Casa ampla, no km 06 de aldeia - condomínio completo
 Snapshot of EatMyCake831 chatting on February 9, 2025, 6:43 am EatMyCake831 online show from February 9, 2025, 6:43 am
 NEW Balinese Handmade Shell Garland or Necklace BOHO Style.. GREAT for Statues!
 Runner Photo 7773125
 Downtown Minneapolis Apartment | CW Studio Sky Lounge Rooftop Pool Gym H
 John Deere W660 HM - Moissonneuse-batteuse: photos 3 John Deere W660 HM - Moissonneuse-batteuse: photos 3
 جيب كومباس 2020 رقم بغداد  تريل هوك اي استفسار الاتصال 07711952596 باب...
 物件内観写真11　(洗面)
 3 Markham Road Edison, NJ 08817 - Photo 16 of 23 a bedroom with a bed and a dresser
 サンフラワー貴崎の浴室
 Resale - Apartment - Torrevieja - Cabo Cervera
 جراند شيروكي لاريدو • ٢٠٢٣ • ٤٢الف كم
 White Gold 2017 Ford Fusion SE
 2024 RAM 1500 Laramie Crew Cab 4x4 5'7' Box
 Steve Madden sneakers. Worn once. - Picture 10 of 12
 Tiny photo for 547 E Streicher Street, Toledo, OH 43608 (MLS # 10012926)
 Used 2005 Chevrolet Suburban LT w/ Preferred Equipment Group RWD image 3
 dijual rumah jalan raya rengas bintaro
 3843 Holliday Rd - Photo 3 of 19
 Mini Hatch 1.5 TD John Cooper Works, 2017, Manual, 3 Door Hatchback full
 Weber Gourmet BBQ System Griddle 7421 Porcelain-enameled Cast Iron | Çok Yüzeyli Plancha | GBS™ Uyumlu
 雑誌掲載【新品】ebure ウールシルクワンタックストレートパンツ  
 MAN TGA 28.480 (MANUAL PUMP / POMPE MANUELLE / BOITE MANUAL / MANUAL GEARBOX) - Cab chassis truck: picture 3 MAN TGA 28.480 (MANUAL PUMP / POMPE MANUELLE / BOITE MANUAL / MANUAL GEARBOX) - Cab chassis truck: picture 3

§ **EXERCISE DIRECTIONS**:
Restate word for word the entries above, starting at the line with "Downtown Minneapolis Apartment" and ending at the line with "物件内観写真11　(洗面)", inclusive, and no others.

§ **ANSWER TO THE PROBLEM**:
 Downtown Minneapolis Apartment | CW Studio Sky Lounge Rooftop Pool Gym H
 John Deere W660 HM - Moissonneuse-batteuse: photos 3 John Deere W660 HM - Moissonneuse-batteuse: photos 3
 جيب كومباس 2020 رقم بغداد  تريل هوك اي استفسار الاتصال 07711952596 باب...
 物件内観写真11　(洗面)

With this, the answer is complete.